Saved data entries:
* * * *

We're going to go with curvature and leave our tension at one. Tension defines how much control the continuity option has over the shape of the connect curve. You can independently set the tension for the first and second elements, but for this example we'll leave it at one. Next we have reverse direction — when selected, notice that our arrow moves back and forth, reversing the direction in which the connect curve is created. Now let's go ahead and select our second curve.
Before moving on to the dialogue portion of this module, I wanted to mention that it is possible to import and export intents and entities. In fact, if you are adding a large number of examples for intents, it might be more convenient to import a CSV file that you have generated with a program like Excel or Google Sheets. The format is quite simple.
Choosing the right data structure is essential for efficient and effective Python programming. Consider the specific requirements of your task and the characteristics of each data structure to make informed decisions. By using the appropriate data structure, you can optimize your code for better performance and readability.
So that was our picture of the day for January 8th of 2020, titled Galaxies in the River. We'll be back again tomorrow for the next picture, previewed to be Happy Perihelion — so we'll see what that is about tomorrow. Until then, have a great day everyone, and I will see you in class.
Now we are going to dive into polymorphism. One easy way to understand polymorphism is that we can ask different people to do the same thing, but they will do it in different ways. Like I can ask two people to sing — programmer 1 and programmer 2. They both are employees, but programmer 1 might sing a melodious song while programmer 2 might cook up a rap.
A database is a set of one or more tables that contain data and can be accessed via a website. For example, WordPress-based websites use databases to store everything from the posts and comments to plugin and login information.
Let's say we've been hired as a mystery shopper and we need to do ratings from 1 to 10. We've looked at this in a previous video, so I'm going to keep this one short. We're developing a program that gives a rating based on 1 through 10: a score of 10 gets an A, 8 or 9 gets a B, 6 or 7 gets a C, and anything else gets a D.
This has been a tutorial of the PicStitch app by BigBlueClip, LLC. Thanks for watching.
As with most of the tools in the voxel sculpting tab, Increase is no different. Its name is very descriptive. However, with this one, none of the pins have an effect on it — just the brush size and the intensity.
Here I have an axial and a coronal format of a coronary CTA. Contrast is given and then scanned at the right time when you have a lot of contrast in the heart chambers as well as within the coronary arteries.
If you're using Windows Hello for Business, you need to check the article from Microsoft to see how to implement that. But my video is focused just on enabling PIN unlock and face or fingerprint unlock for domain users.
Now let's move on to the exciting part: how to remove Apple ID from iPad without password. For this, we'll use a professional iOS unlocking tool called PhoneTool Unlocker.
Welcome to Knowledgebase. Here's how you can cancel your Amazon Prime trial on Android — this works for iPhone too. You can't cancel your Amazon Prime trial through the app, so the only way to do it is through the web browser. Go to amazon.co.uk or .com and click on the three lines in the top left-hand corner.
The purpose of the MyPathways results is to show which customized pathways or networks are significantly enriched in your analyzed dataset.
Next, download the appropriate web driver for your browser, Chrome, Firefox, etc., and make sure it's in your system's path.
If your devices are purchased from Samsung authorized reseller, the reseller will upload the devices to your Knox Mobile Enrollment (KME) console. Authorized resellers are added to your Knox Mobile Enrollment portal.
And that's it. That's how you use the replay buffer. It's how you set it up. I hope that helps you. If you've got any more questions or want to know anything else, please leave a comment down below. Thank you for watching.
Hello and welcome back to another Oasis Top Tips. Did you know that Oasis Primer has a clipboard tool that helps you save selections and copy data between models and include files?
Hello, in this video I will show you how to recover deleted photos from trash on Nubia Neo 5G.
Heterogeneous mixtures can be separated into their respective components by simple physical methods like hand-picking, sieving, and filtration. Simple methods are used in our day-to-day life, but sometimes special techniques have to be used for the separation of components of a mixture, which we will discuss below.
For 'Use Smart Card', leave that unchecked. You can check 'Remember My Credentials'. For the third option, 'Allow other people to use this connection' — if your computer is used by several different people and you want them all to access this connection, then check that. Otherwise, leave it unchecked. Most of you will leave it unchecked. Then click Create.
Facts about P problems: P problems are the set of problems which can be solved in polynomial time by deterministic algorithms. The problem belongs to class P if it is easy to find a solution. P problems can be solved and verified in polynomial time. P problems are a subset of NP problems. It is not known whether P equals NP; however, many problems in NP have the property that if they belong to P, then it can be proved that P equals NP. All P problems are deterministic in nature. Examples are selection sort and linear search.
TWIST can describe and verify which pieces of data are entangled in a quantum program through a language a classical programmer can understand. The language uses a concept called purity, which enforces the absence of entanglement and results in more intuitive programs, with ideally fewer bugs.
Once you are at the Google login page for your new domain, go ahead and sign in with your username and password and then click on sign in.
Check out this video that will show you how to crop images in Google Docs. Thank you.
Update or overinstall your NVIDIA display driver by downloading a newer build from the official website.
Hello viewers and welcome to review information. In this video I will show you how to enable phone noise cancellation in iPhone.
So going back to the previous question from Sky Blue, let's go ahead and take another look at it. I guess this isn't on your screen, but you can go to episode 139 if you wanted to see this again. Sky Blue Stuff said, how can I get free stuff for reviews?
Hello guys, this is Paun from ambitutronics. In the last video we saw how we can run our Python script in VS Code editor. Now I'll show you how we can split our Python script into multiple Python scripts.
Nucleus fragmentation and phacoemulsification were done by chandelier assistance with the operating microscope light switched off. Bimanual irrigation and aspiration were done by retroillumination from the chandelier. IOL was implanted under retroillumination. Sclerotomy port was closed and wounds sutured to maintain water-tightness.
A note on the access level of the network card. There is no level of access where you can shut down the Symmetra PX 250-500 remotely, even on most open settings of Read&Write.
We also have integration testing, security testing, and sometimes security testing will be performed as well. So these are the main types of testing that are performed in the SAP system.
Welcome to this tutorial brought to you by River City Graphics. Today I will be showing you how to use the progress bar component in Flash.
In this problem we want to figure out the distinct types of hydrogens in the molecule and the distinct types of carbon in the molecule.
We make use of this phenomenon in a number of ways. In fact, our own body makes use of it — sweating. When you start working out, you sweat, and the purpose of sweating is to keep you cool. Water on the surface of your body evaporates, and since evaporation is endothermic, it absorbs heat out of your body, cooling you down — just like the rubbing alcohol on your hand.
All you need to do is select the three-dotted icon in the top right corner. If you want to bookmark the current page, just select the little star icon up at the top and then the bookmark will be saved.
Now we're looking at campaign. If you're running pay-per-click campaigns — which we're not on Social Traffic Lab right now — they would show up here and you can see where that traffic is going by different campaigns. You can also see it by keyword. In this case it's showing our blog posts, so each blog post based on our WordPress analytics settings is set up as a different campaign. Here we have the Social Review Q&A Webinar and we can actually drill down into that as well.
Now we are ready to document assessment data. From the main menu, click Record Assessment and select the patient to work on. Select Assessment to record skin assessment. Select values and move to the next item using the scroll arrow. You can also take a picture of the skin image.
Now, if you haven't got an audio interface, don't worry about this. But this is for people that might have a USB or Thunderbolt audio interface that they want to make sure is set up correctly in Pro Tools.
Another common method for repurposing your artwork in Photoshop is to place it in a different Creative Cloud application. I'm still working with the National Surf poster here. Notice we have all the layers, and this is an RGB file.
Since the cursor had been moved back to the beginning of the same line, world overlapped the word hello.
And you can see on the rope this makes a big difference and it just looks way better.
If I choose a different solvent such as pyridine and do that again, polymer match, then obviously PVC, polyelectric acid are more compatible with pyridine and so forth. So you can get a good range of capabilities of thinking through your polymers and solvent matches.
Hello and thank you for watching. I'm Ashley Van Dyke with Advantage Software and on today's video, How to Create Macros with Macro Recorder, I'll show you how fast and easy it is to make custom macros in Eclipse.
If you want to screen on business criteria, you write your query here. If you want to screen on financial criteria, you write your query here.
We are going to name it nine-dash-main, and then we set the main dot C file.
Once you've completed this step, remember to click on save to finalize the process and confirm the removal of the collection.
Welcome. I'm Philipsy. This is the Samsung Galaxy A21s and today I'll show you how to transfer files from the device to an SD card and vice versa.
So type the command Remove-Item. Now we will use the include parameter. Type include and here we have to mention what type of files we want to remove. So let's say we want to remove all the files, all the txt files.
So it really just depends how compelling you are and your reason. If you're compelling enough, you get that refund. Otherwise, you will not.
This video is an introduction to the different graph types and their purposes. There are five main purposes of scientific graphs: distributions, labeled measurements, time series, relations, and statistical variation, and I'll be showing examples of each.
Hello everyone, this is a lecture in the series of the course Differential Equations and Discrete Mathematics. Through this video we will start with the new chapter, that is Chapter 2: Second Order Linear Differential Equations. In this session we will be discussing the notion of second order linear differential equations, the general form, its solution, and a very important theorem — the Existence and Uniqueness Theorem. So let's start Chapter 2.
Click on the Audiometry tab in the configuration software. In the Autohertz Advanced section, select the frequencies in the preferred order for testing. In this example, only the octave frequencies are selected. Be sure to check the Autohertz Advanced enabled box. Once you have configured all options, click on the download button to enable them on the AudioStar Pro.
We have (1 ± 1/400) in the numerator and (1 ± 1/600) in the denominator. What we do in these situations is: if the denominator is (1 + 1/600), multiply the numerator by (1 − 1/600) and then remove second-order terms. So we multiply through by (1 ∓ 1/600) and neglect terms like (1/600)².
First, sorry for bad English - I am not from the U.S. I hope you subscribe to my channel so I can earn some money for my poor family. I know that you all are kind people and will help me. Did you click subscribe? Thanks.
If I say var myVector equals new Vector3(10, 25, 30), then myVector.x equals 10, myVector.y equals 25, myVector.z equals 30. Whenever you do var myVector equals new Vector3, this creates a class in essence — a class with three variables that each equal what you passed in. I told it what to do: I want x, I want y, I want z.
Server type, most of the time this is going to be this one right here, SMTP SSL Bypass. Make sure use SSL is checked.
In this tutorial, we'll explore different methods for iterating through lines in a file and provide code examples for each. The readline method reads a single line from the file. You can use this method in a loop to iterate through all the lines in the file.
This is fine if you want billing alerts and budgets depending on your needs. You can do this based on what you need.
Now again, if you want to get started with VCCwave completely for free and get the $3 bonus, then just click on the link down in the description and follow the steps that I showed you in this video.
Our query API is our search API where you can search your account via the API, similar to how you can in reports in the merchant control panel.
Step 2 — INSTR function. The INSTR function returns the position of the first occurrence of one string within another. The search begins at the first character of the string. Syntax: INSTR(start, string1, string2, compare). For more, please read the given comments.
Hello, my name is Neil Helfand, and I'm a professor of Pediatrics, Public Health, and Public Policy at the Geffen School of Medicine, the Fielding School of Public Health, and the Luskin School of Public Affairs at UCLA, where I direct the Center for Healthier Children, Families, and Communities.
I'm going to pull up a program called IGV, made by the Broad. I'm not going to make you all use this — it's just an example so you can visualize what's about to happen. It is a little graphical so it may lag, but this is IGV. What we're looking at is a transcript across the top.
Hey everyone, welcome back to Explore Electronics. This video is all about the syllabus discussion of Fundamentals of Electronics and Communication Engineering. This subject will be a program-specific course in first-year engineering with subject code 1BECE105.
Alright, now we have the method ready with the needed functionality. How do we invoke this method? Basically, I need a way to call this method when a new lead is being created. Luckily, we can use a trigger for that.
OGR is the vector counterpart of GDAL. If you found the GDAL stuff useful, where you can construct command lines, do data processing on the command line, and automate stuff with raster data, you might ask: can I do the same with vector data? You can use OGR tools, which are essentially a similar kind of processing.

* * * *

▸ What is expected:
Above this instruction are the records; retype exactly the lines from the one containing "So that was" up to and including the one containing "Here I have".

▸ Task output:
So that was our picture of the day for January 8th of 2020, titled Galaxies in the River. We'll be back again tomorrow for the next picture, previewed to be Happy Perihelion — so we'll see what that is about tomorrow. Until then, have a great day everyone, and I will see you in class.
Now we are going to dive into polymorphism. One easy way to understand polymorphism is that we can ask different people to do the same thing, but they will do it in different ways. Like I can ask two people to sing — programmer 1 and programmer 2. They both are employees, but programmer 1 might sing a melodious song while programmer 2 might cook up a rap.
A database is a set of one or more tables that contain data and can be accessed via a website. For example, WordPress-based websites use databases to store everything from the posts and comments to plugin and login information.
Let's say we've been hired as a mystery shopper and we need to do ratings from 1 to 10. We've looked at this in a previous video, so I'm going to keep this one short. We're developing a program that gives a rating based on 1 through 10: a score of 10 gets an A, 8 or 9 gets a B, 6 or 7 gets a C, and anything else gets a D.
This has been a tutorial of the PicStitch app by BigBlueClip, LLC. Thanks for watching.
As with most of the tools in the voxel sculpting tab, Increase is no different. Its name is very descriptive. However, with this one, none of the pins have an effect on it — just the brush size and the intensity.
Here I have an axial and a coronal format of a coronary CTA. Contrast is given and then scanned at the right time when you have a lot of contrast in the heart chambers as well as within the coronary arteries.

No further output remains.